今年もあと十日、師匠の「住所印」を最後に、頼まれた印はすべて彫り終わりました。
これから、失敗印・人の彫った印の印面をすり潰して再利用できるレベルに磨き、分別するという作業に掛かっております。
そうした印だけで千本以上あり、その半分は自分が彫った摸刻印であります。摸刻は、章法を学び篆刻の名人・作者の技法に倣って忠実に再現することで自分の目を肥やし、技を磨くのが目的であります。従って、彫ったものはとっておいても意味が無いので、よほど出来がいいものを除いて、「潰す」のであります。
また、過去2年に彫った自分用の印も、改めて見てみると未熟で粗末に見えるものばかりでした。これも彫り直し。ヤフオクで入手した刻有の印も、大半は書道や篆刻を齧った人の手になる自刻印で、見るべきものも無いのです。これらは死に石にしないで、彫り直すために一旦は「無」に戻してやるのです。

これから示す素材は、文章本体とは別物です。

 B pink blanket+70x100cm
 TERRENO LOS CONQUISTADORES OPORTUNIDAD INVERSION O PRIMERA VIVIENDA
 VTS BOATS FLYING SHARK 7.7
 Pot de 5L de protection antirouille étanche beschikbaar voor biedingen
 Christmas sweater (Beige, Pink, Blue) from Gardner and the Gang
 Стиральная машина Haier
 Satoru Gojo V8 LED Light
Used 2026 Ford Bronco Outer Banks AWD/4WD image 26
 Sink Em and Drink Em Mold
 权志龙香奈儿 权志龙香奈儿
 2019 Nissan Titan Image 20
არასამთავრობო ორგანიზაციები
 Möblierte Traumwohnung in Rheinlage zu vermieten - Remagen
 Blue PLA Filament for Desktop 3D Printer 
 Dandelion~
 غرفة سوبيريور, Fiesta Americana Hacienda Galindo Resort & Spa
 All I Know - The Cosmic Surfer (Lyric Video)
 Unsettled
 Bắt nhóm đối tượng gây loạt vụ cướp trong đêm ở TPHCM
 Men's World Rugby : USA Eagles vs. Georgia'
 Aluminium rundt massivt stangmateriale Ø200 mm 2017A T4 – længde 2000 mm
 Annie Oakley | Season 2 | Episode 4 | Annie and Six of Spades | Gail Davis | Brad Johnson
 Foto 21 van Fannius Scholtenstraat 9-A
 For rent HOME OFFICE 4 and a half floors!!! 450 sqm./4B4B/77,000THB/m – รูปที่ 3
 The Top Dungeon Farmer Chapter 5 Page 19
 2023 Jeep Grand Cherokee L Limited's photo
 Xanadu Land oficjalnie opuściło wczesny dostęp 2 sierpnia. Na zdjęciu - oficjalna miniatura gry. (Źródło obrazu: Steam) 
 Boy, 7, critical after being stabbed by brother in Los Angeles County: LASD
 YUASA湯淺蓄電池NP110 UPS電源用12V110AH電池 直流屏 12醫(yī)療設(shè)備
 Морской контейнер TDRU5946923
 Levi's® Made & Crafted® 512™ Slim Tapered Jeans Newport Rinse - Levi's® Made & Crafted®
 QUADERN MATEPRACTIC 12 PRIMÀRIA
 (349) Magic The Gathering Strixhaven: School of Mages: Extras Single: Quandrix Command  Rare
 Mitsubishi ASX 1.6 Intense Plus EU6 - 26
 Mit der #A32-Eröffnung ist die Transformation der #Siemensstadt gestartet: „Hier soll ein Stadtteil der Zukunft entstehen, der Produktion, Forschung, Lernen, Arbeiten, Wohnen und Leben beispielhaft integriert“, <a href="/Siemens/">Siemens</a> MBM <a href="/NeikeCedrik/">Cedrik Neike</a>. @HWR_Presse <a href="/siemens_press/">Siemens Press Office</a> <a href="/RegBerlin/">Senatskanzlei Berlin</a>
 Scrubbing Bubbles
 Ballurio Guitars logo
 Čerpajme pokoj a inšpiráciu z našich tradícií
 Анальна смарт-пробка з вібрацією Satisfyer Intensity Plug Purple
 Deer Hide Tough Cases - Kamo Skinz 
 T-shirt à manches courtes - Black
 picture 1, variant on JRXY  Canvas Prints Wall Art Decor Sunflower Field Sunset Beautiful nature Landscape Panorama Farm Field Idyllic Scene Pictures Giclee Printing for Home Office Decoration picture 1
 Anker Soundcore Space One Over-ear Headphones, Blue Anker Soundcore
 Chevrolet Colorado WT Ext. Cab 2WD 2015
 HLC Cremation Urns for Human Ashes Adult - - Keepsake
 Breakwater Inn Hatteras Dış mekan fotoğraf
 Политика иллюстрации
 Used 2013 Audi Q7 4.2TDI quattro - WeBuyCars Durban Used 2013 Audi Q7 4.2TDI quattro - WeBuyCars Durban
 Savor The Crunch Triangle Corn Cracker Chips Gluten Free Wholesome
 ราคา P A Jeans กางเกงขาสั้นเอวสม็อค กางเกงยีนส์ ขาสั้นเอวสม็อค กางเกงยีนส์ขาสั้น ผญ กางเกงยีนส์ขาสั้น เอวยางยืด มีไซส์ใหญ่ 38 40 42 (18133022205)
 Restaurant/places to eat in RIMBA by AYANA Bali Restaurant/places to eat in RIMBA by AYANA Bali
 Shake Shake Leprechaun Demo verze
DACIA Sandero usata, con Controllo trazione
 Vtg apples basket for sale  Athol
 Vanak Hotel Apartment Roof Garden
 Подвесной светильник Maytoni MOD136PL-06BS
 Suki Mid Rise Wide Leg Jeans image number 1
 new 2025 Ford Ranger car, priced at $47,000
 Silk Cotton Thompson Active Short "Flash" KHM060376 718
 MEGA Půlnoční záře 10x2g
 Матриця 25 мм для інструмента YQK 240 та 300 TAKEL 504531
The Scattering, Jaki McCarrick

これとは別に、専門家の作品・篆刻家の依頼品が数百点ものコレクションになります。多くは書道家さんなどがお金を払って篆刻家に作印を依頼した「姓名印・雅印・遊印」で、石の側面に作者の「側款」があります。中には「酒井子遠」さんなど鬼籍に入っている名人作の文化的な価値が高いもの、帰海さん、 雨人さん、邦園さん、星卿さん、滔天さんなど現役で活躍している人の印も多数あります。下の写真が全部そうした専門家の印であります。
印面を見てほれぼれするようなものも含めて保存していて、いずれ似たような印を彫る時の参考にしよう、とか、もしかすると高値になるかなどと雑念も生じながら大事に所蔵していたのです。しかし、側款があってもちゃんとした篆刻家さんとは限らず、読み取れないものもあります。側款の無いものは、何年持っていても価値は上がりません。また、自分の篆刻の技量や「見る目」が少しづつ上がって来るに従って、これはとっとかなくていいか?という印も多くなってきました。
そこで、一年の終わりに差し掛かった今、思い切ってこうした印をすり潰し、印面を磨き来る年には、一段上の篆刻生活を送るために準備に入ろうというわけなのです。すでに、段ボールやプラスチックケースなどに無造作に詰め込んだ印材としての価値が低そうなものが500個ほどあるので、これと併せて片端から磨き始めています。
その最初の作業は、①保存版を全部見直してやはり保存すべきものは除く ②未刻印でも印面が磨かれていないものは磨く ③箱に詰め込んでいるのは、いちいち印面と側款の有無を確認する ④摸刻・練習用に彫ったもので出来のいいものは除く といったことが第一段階になります。潰して磨くものをまず分別しなければなりません。
作品展につかうような大きい印材(大体4㎝角以上)のものは、紙やすりで磨くのは、力が要り手間で時間もかかるので、電動のグラインダー扱いで後回しにします。
ワタシの仕事場にある台所は、二日前から「修羅場」化しております。
ここで水道水に浸しながら石を潰し磨くという「水研ぎ」をしているのです。最も大事なことは、印面が側面に対して垂直であることであります。これを斜めに磨くと「正方形」が長方形になり、真上から押せないので押印しにくくなります。また、4つの角が余計に減らないよう全面水平のきれいな面になるように磨くことであります。印を彫る時最終的には角を落として丸くするのですが、面自体がすり減っているものは印泥が付かないので、印字がそこだけ薄くなってしまいます。
そうならないために使う秘密兵器がこれ「篆刻バイス」です。
これに印を固定し濡れた「耐水ペーパー」を粗いものから順に3段階ほどで磨ると、水平で印面にひずみや凸凹の無いきれいな鏡面となります、というほど簡単ではありません。
硬い印材はいくら力を入れても容易に削れません。しっかり固定していても、動かす手が規則正しく印面に均等に力が加わるように丁寧に扱う必要があります。理屈では、1mmくらい出っ張った印の先の部分が無くなって、木の台座全体に及ぶまでやればいい、のでありますが、実際には木も削れるし微妙に斜めになっていたりするのです。
石印材は、腐りもせず酸化もせず風化もしません。保管すれば孫子の代までなんの変化も無いまま「仮死状態」でそこにある、でしょう。しかし、印は彫らなければただの石くれであります。死んだ状態の石に磨きをかけ、いつでも彫れる状態に再生させて初めて印材としての価値が生じます。石に命を吹き込むつもりで、心を無にし指先に神経を集中して磨く、これは篆刻そのもので、大事な基本的技術なのです。
それでは本日も石磨きに掛かりましょう。